In Vajrayana, recognition of this heritage is called ground tantra. While tantra refers to the unchanging continuum that runs 
through both confusion and awakening, one speaks of three moments: namely, when it is dormant, when it is being unveiled, and when it is fully manifest. These three stages are called ground tantrapath tantra, and fruition tantra. Yet through all these moments, the nature does not change—ground and fruition merely differ in whether it is unveiled or not. While the gradual Sutra approach is understood as transforming a sentient being into a Buddha, the approach of Mantra is based on the recognition of the unchanging abiding reality that is ever present and real, regardless of whether it is manifest or not. Taking this innate reality of Buddha nature as the path is referred to as “the path of the result,” or the resultant vehicle of Vajrayana.
 
The Practical Foundation
 
It is said that Vajrayana is the path of all the Buddhas.
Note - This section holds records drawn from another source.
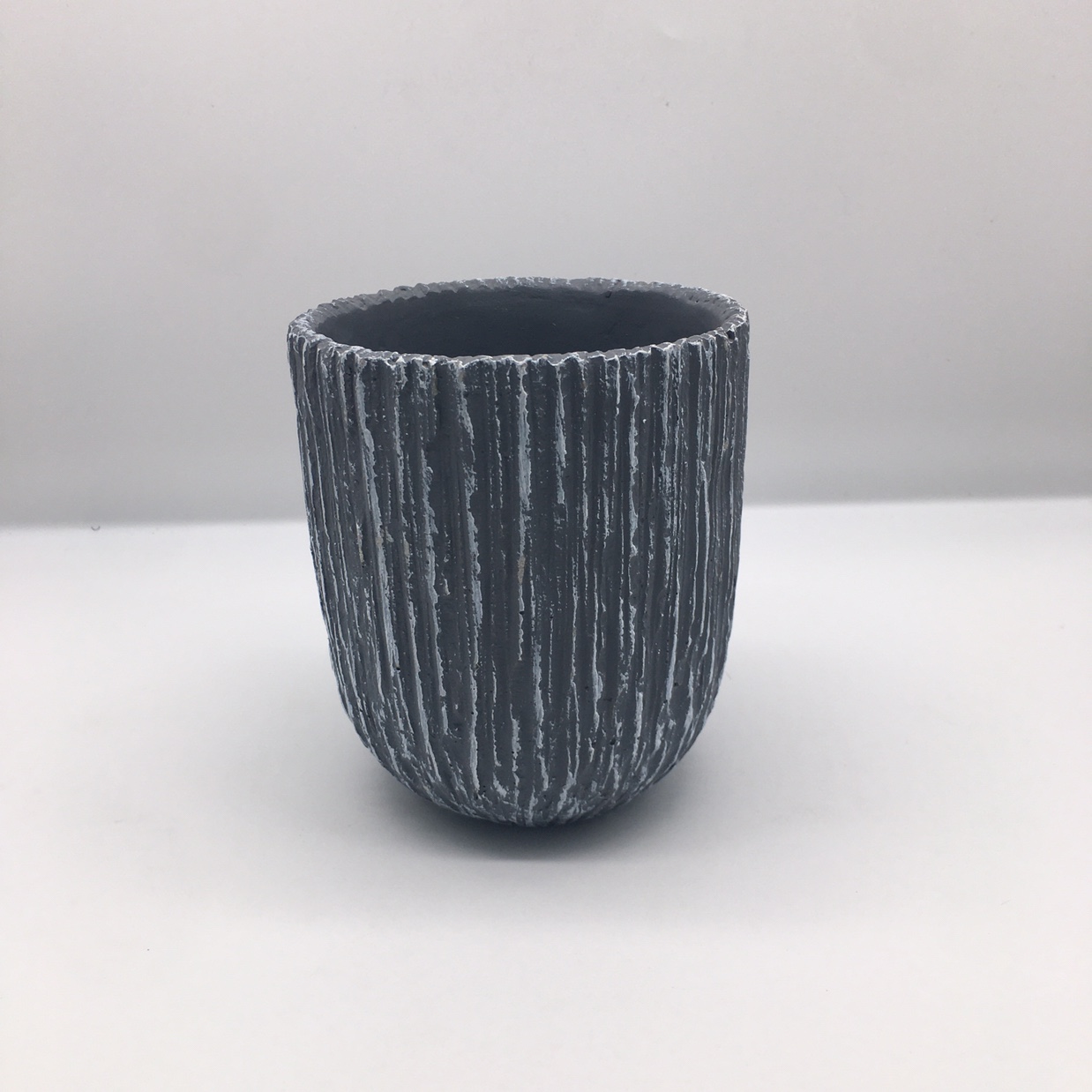 字母水泥花盆北欧风格简约款产品图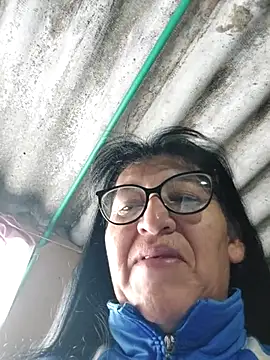 clarita 01 online show from 10.27.25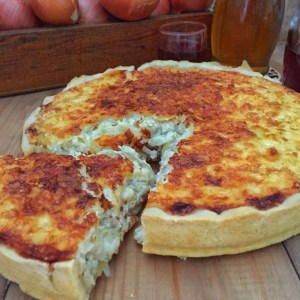 Francuzskij-lukovyj-pirog-2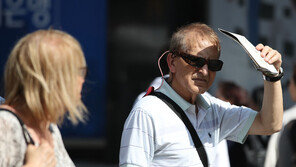 황금연휴 날씨도 화창…외출땐 마스크 필수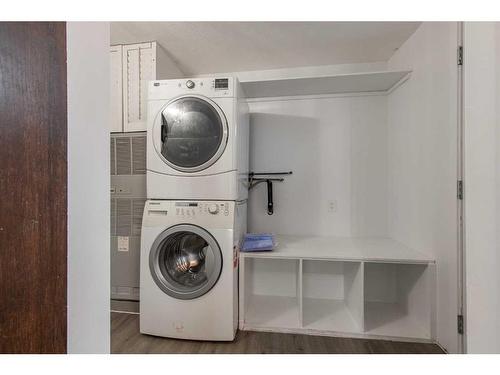 123 Dalhousie Court West, Lethbridge, AB - Indoor Photo Showing Laundry Room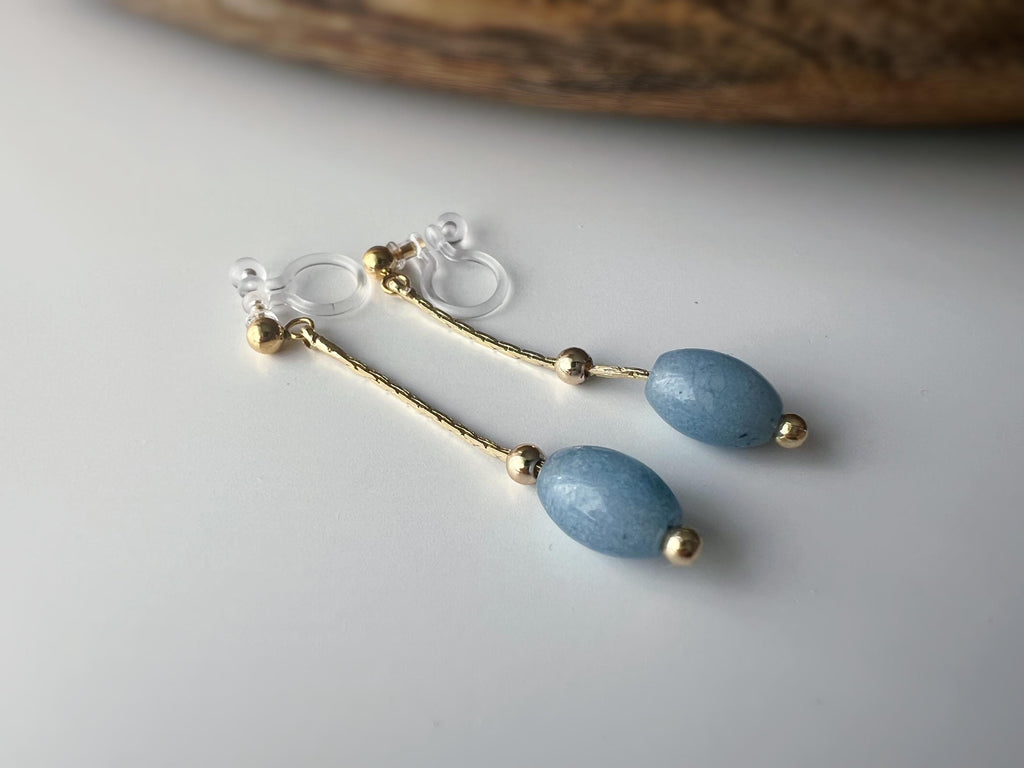 Boucles d'oreilles clips élégantes pierres naturelles bleu clair perles dorées. Design fin et minimaliste, parfait pour touche sophistiquée.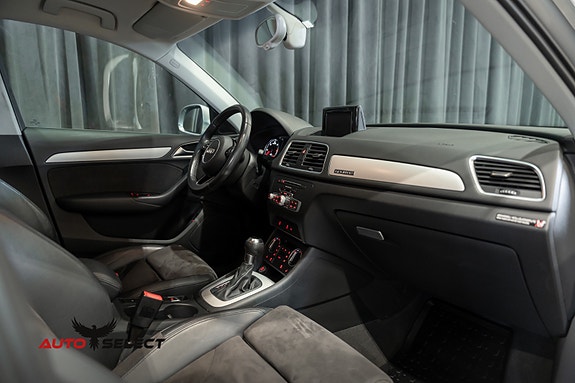 Audi Q3 21 of 30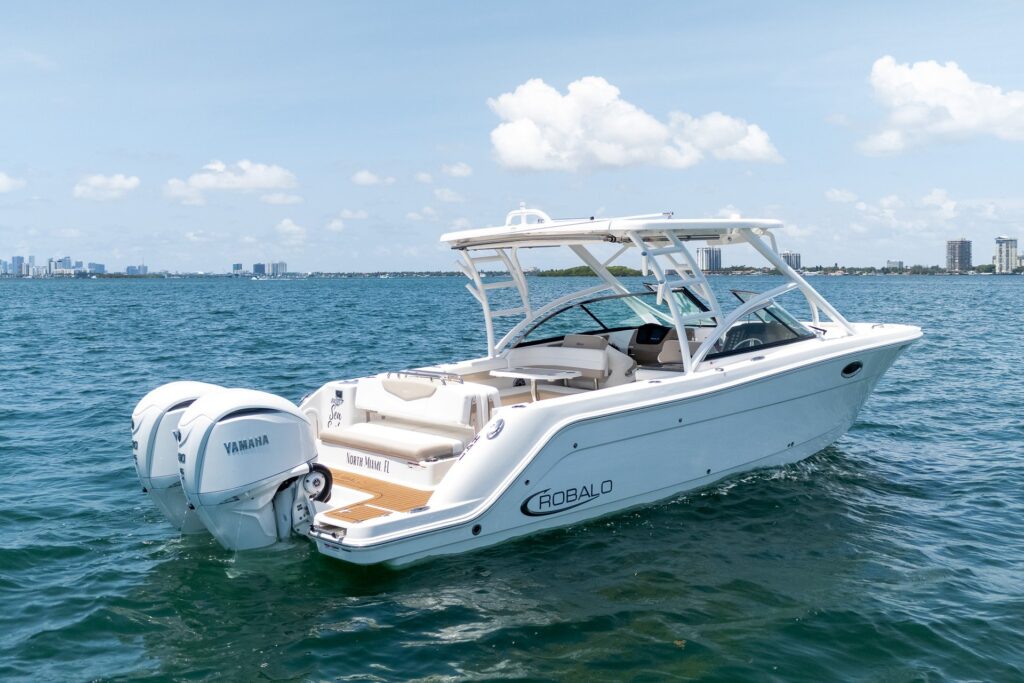 Used 2024 Robalo R317 For Sale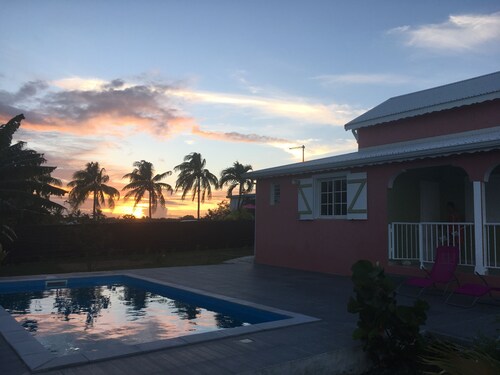PARADIS PAYS Villa 2 to 8 people with private pool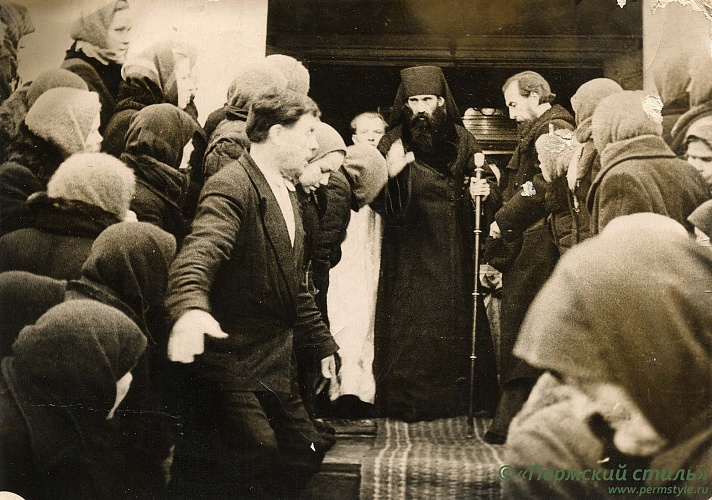 Павел (Голышев)_014. На приходе в г.Лысьва, 1958 год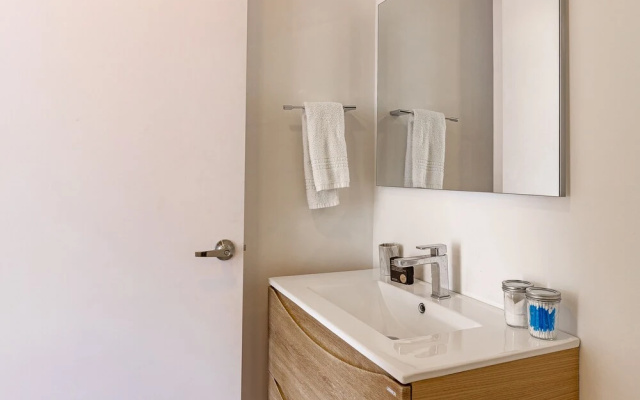 Beautiful Studio W/balcony Near La Condesa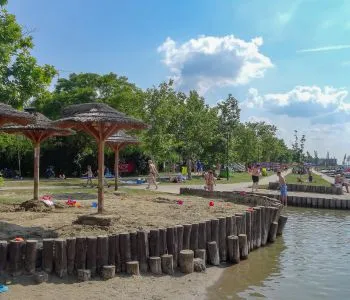 Itt hűtsd le magad a kánikulában - természetes strandok a Balatonon túl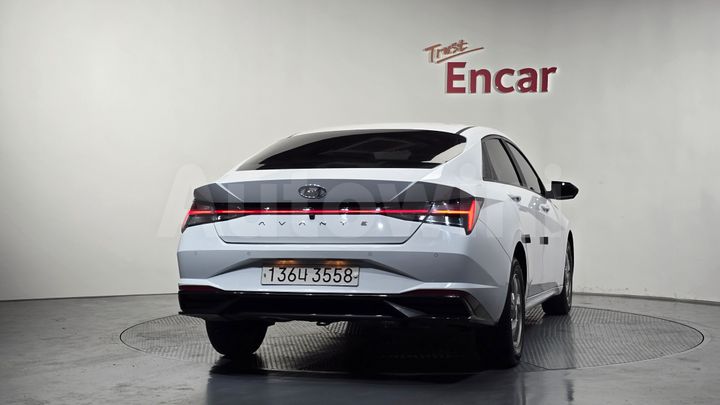 Hyundai Avante 2021 — 4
Any practitioner who eliminates obscurations and unveils the qualities of enlightenment gradually gains a clear recognition of Buddha nature and takes this indestructible or vajra nature as the path. While Vajrayana is the scope of practitioners such as great bodhisattvas, it is also taught to ordinary individuals, and offers methods by which even they can recognize the innate wisdom of their Buddha nature lineage. However, it is repeatedly stressed that to engage in the resultant Vajrayana path requires a solid foundation. As it says in the tantric scriptures:
 
“Innate absolute wisdom can only come
As the mark of having accumulated merit and purified confusion
And through the blessing of a realized teacher.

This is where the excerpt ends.